Computer Science for JavaScript Challenge: Regex Tutorial

MIT LicenseMIT

Regex Tutorial

The Task

Developers write code, but they also write about code.

This project is to create a tutorial that explains how a specific regular expression, or regex, functions by breaking down each part of the expression and describing what it does.

Acceptance Criteria

GIVEN a regex tutorial
WHEN I open the tutorial
THEN I see a descriptive title and introductory paragraph explaining the purpose of the tutorial, a summary describing the regex featured in the tutorial, a table of contents linking to different sections that break down each component of the regex and explain what it does, and a section about the author with a link to the author’s GitHub profile
WHEN I click on the links in the table of contents
THEN I am taken to the corresponding sections of the tutorial
WHEN I read through each section of the tutorial
THEN I find a detailed explanation of what a specific component of the regex does
WHEN I reach the end of the tutorial
THEN I find a section about the author and a link to the author’s GitHub profile

What Is a Regex?

A regex, which is short for regular expression, is a sequence of characters that defines a specific search pattern. When included in code or search algorithms, regular expressions can be used to find certain patterns of characters within a string, or to find and replace a character or sequence of characters within a string.

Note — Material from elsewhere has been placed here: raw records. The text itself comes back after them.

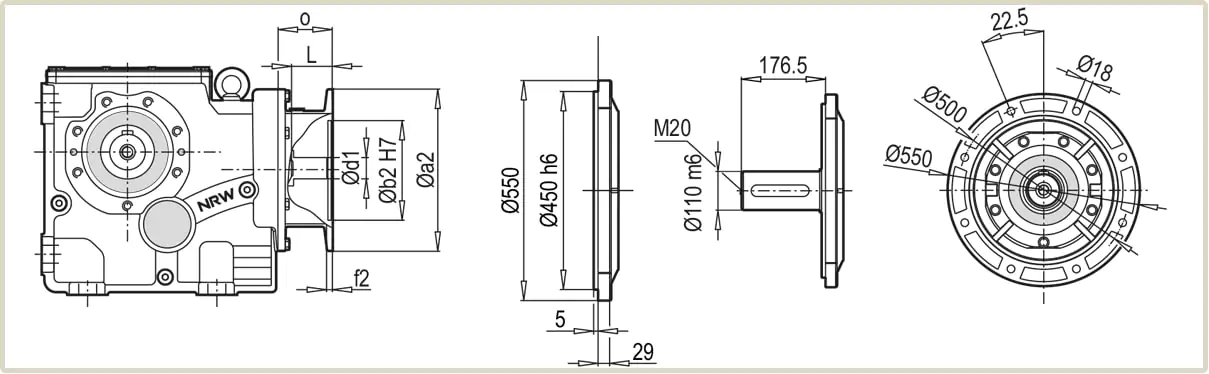 Присоединительные размеры фланцев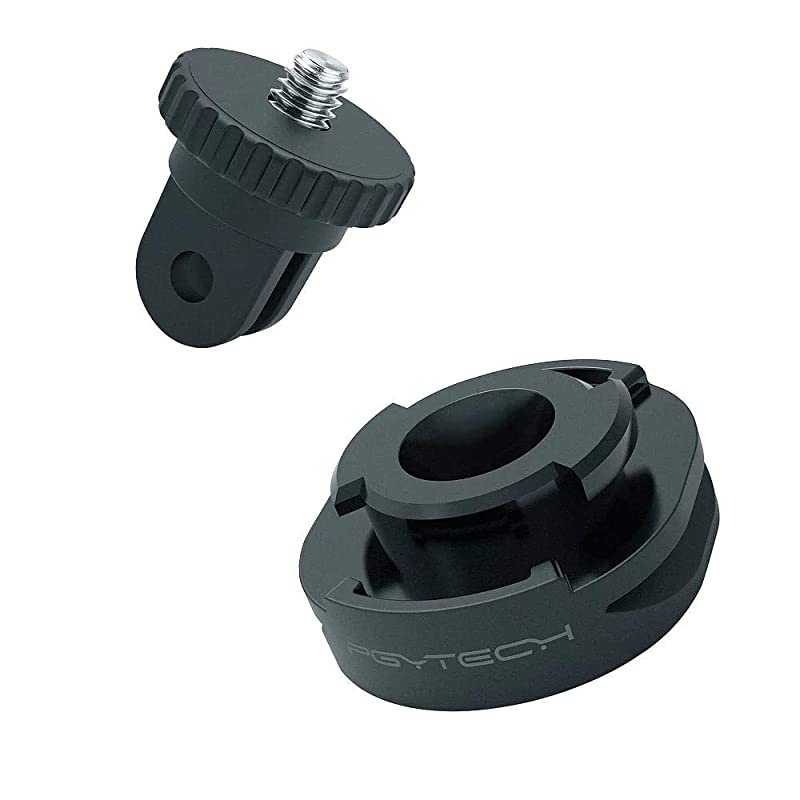 Huaye OSMO Compact Action 4K Waterproof Camera Sport Type-C Cable Protector Lens Hood Cage Compatible with DJI OSMO Action Camera Accessories ( OSMO Action Tripod Adapter)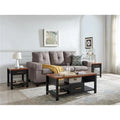 Black & Walnut 3 Piece Occasional Table Set D316209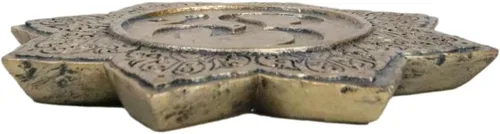 Miniatura 4 de Ebros Gift Fengshui Zen Buddha Om Symbol Mandala Lotus Padma Flor Incienso Stick Holder Plato Quemador Medallón Figurilla Hogar Fragancia Accesorio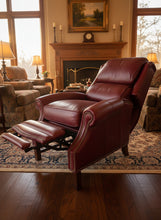 Load image into Gallery viewer, Bradington-Young Red Leather Recliner
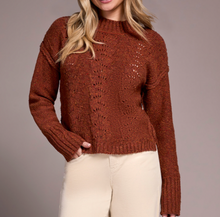 Load image into Gallery viewer, Tribal Crew Neck Sweater W/ Puffed Sleeve59540/5046
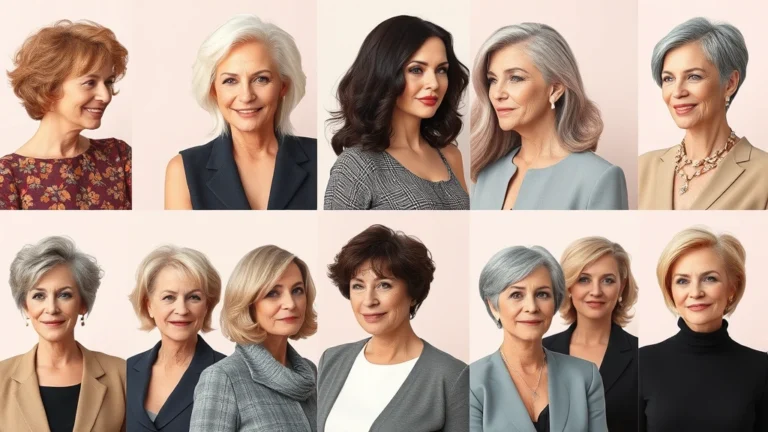 21 Stylish Haircuts for Women Over 50 That Will Make You Look Fabulous!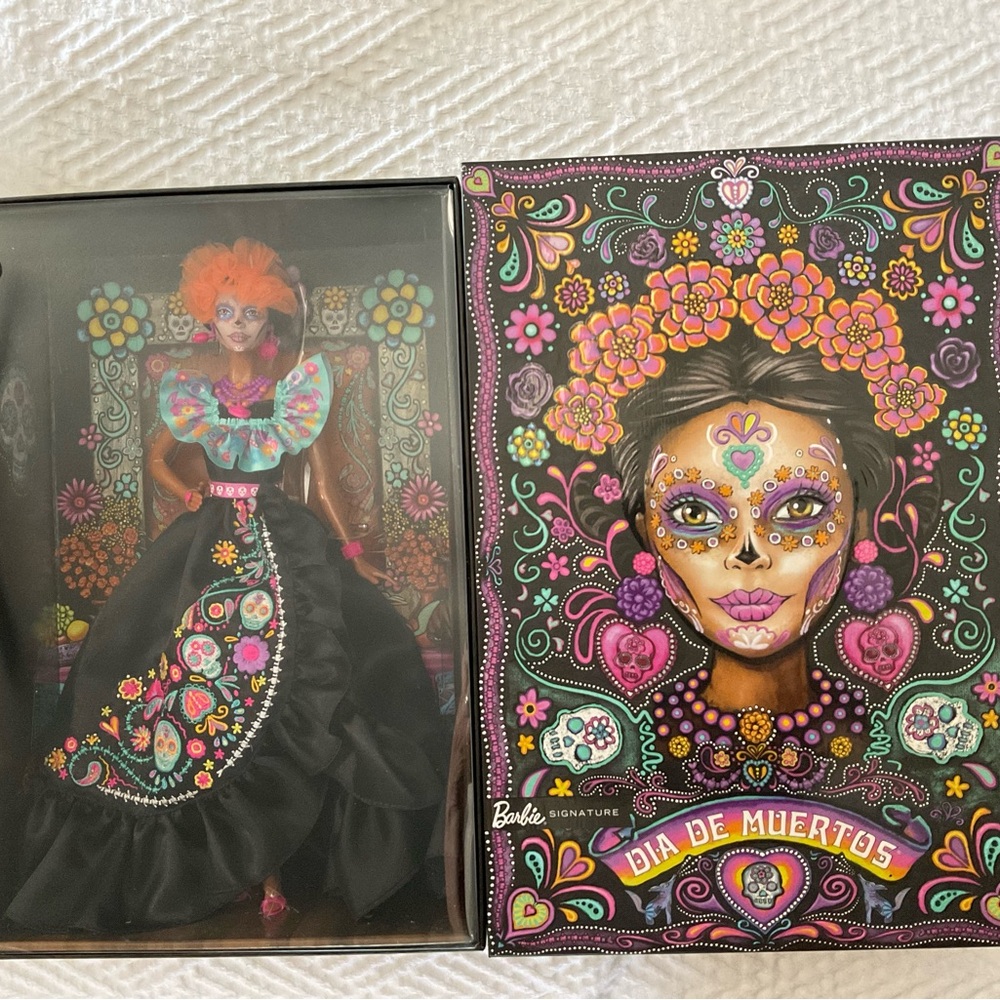 Mattel Dia de Muertos Barbie with Floral Design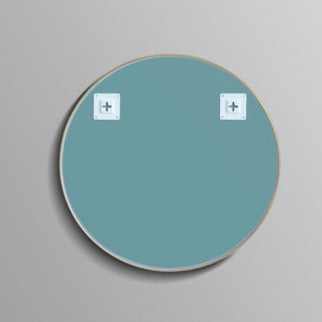 Olivia Round Framed Mirror 600/700/800mm - Yellow Gold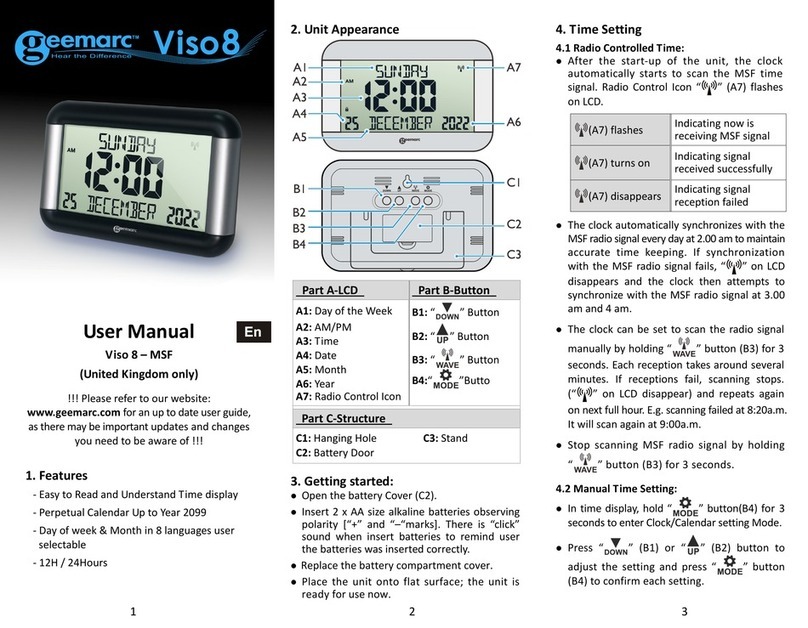Geemarc Viso 8 - MSF user manual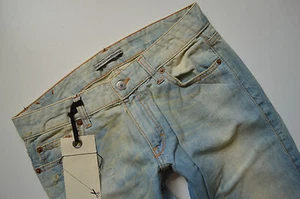 *469 NEU DRYKORN Damen Hüft Jeans Hose STYLE DETAIL W28 L34 hellblau - Picture 1 of 4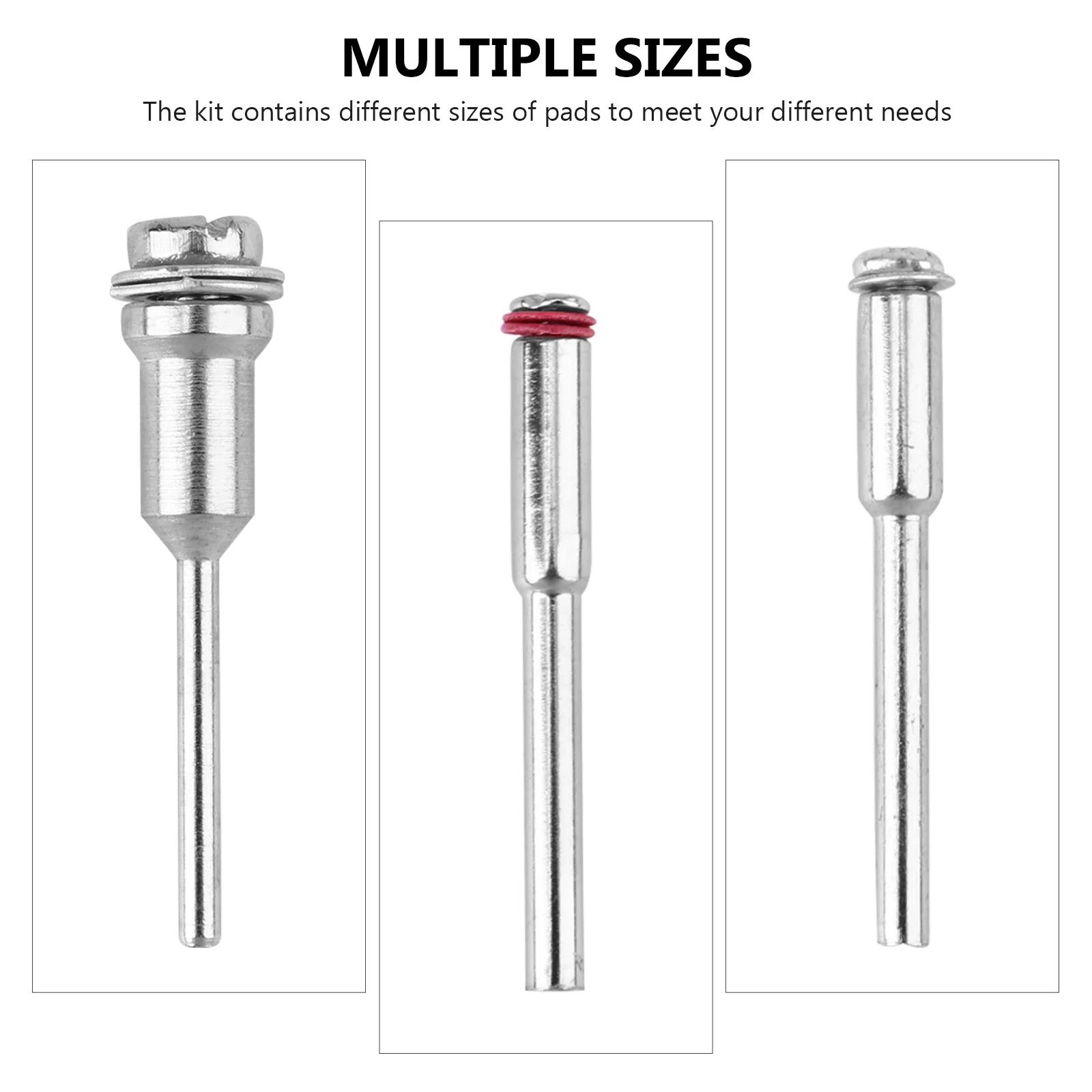 

26Pcs Steel Screw Mandrel Shaft Cut-Off Wheel Holder for Rotary Tools Resin Cutting Buffing Grinding Disc Accessories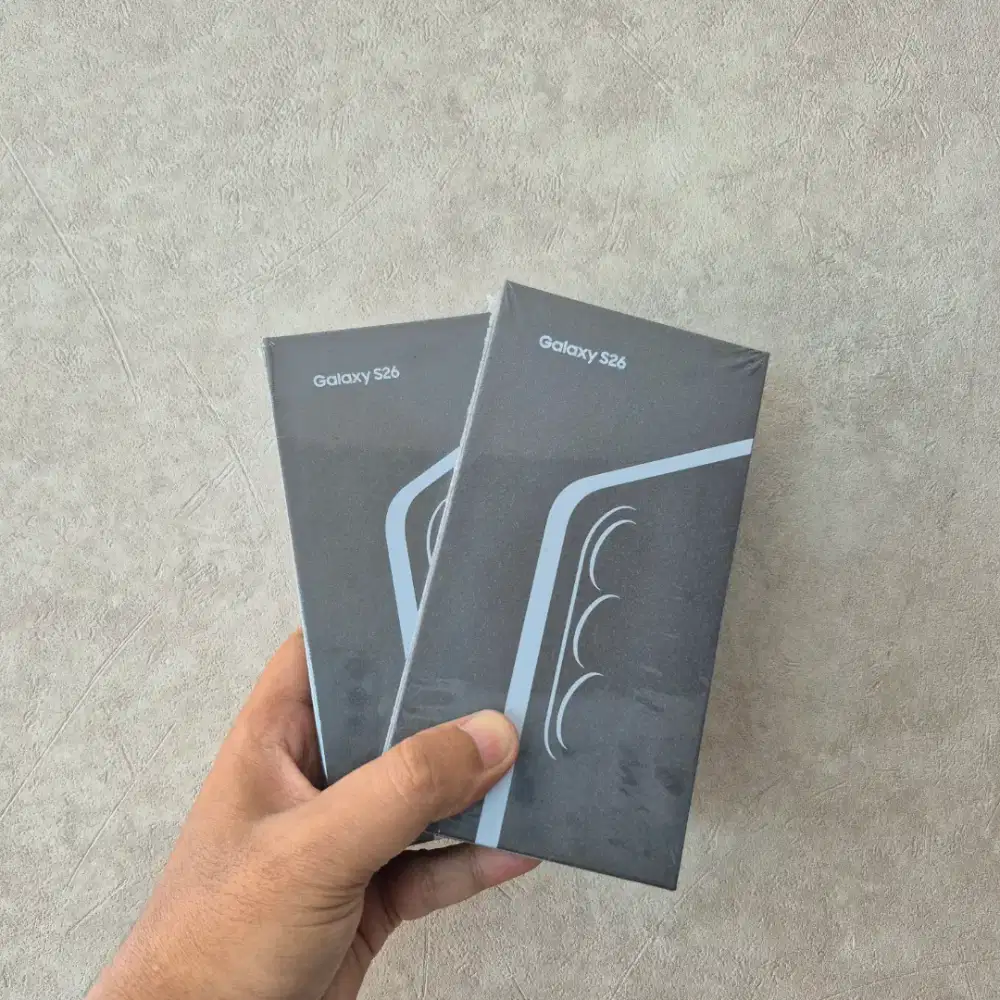 Termurah!!! Samsung S26 12/256GB garansi resmi 1 tahun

They are also frequently used to validate input.

For example, the following regular expression can be used to verify that user input is a valid email address:

/^([a-z0-9_\.-]+)@([\da-z\.-]+)\.([a-z\.]{2,6})$/

Each component of this regex has a unique responsibility to make sure that a user enters an email address that begins with an unspecified number of characters preceding the @ symbol, followed by a domain.

Watch this introduction to regular expressions video and read Regex Tutorial: Matching a Username to learn how to identify the different components that make up a regex.

Examples:

  • Matching a Hex Value: /^#?([a-f0-9]{6}|[a-f0-9]{3})$/

  • Matching an Email: /^([a-z0-9_\.-]+)@([\da-z\.-]+)\.([a-z\.]{2,6})$/

  • Matching a URL: /^(https?:\/\/)?([\da-z\.-]+)\.([a-z\.]{2,6})([\/\w \.-]*)*\/?$/

  • Matching an HTML Tag: /^<([a-z]+)([^<]+)*(?:>(.*)<\/\1>|\s+\/>)$/

Getting Started

I will publish my findings as a GitHub gist. GitHub describes a gist as a simple way to share code snippets with others. It’s also an ideal way to demonstrate a technique, teach a principle, or show off a solution. It functions just like a repository, and you use Markdown to create it, just as you do with your READMEs. Gists can include code, images, links, and anything else you can include in a README.